▶ [Problem requirements]:
Pictures in the material below are to be left out, and only the lines from the line with "Apollo Pizza 3" up to and including the line with "Outlander 2018 2.0L" are to be written out exactly.

▶ [Source material]:
• • • • • • •

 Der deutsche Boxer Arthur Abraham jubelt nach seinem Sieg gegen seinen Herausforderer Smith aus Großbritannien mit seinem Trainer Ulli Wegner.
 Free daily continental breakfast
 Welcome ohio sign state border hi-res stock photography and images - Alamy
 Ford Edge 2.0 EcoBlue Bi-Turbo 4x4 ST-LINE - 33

• • • • • • •

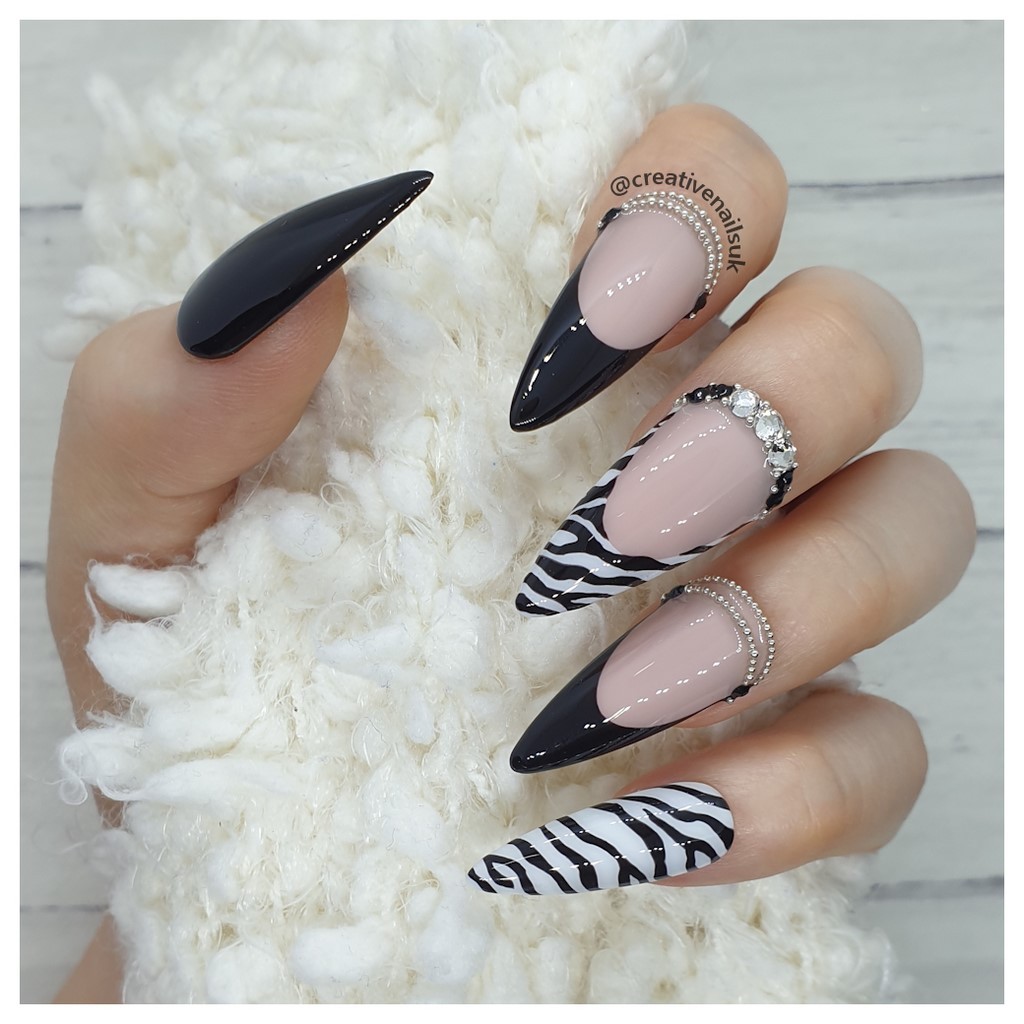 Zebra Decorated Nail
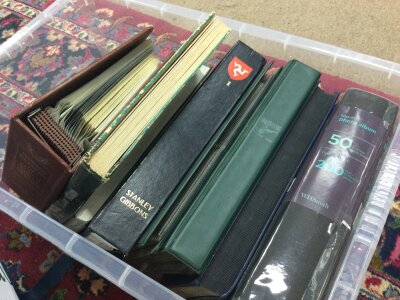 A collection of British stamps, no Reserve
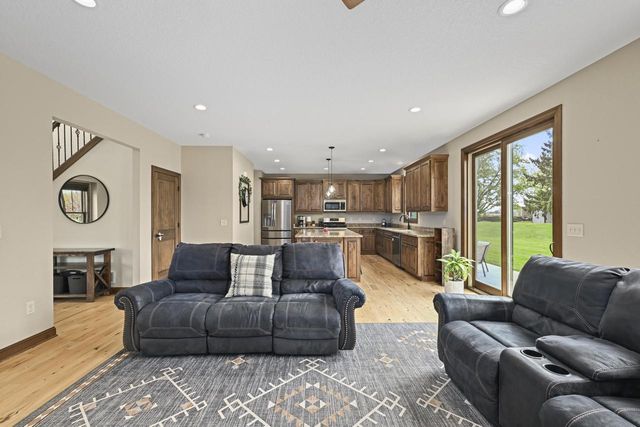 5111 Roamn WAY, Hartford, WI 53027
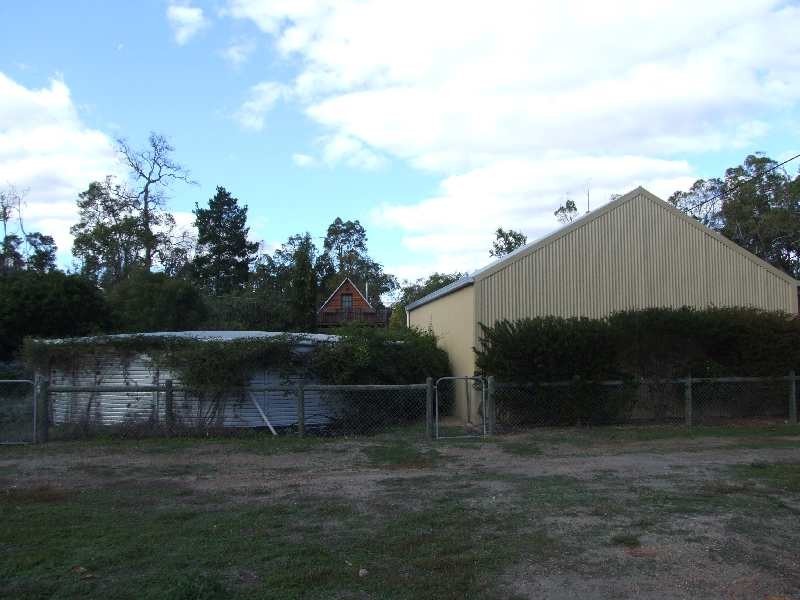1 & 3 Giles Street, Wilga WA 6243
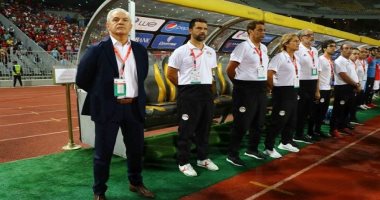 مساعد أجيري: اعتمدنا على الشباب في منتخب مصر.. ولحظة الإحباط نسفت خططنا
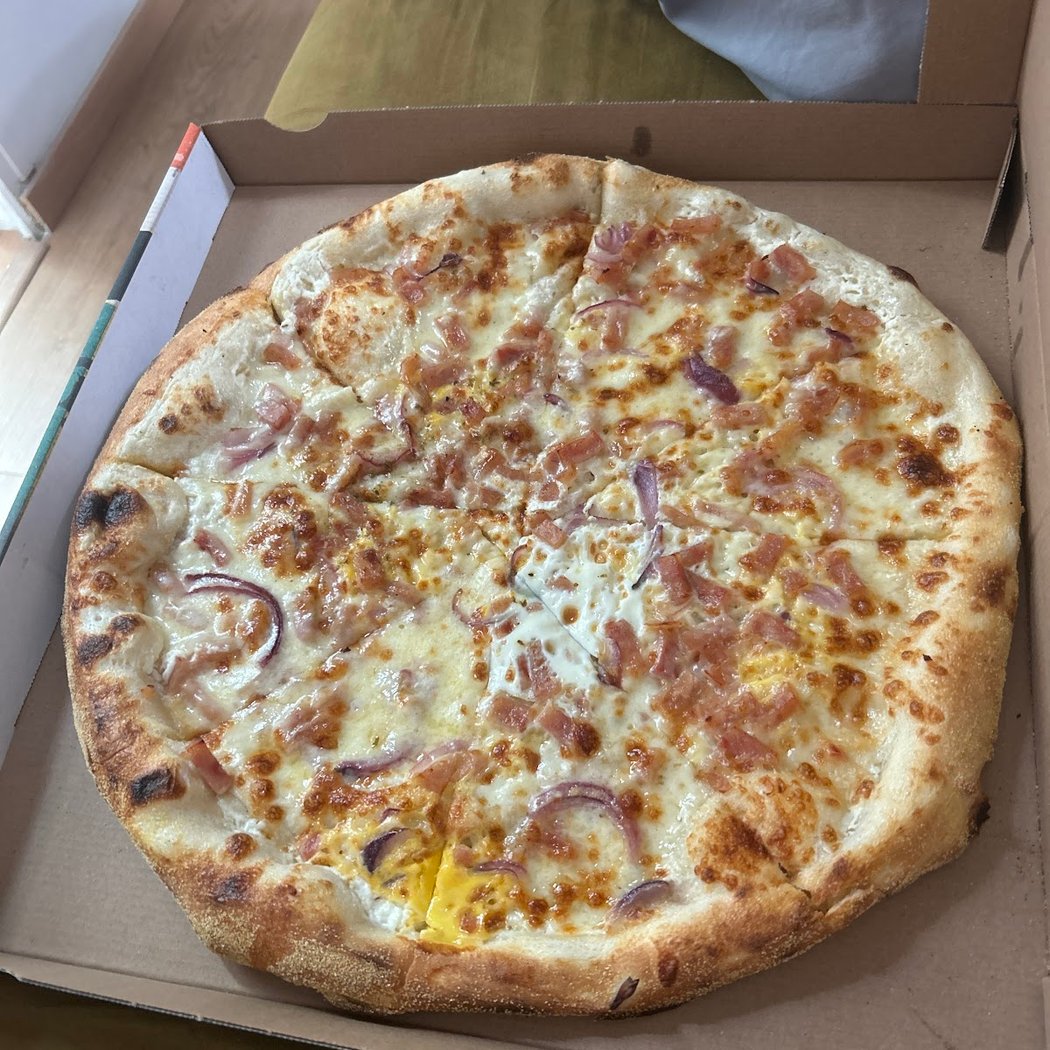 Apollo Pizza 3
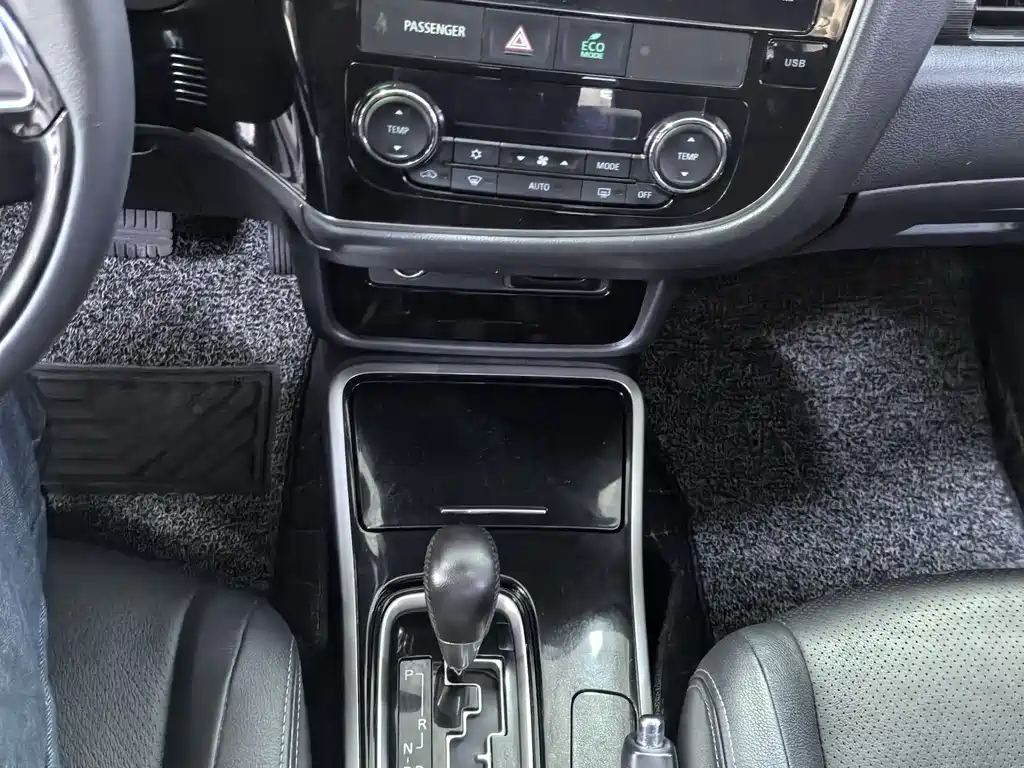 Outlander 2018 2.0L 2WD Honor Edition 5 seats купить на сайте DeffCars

• • • • • • •

▶ [Task response]:
 Apollo Pizza 3
 Outlander 2018 2.0L 2WD Honor Edition 5 seats купить на сайте DeffCars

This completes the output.